■ INPUT:

☆ ☆ ☆ ☆ ☆

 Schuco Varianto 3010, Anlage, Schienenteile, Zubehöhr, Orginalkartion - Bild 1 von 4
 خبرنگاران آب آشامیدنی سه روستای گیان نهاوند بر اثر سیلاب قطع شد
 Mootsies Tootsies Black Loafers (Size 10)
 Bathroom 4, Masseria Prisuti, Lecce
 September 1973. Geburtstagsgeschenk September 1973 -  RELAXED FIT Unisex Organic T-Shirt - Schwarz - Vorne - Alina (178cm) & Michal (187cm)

☆ ☆ ☆ ☆ ☆

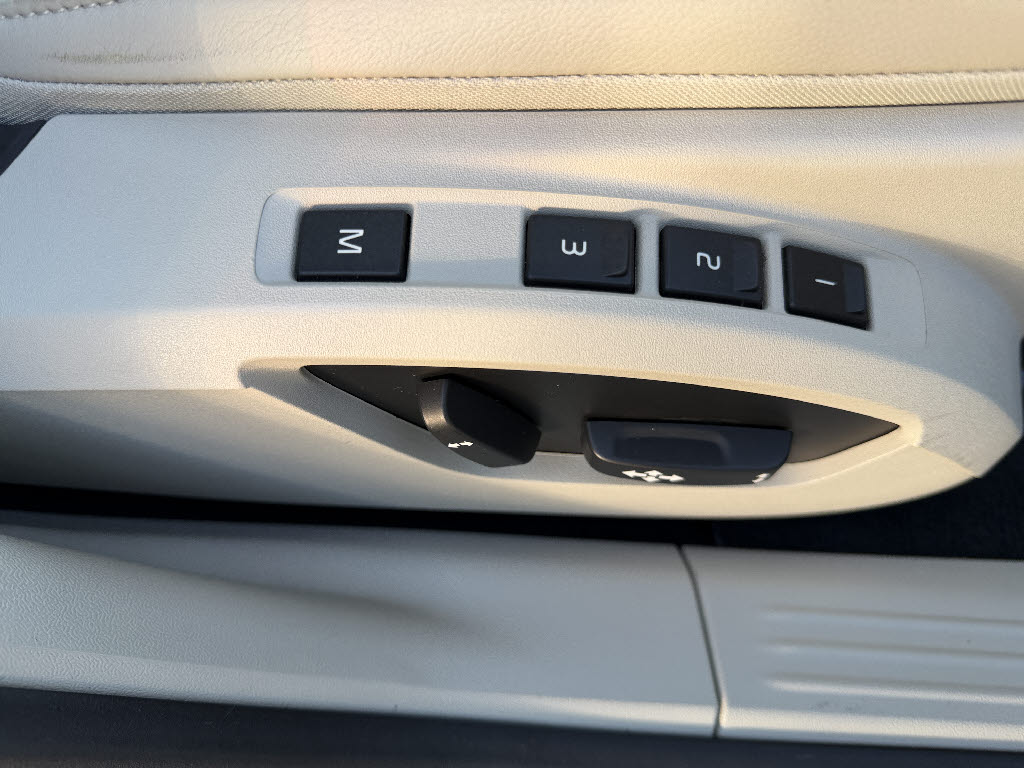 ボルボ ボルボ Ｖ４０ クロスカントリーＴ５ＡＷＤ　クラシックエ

☆ ☆ ☆ ☆ ☆

All lines above from the one with "Bild 1 von 4" to the one with "September 1973. Geburtstagsgeschenk", inclusive, should be copied exactly, and no other lines.

 Schuco Varianto 3010, Anlage, Schienenteile, Zubehöhr, Orginalkartion - Bild 1 von 4
 خبرنگاران آب آشامیدنی سه روستای گیان نهاوند بر اثر سیلاب قطع شد
 Mootsies Tootsies Black Loafers (Size 10)
 Bathroom 4, Masseria Prisuti, Lecce
 September 1973. Geburtstagsgeschenk September 1973 -  RELAXED FIT Unisex Organic T-Shirt - Schwarz - Vorne - Alina (178cm) & Michal (187cm)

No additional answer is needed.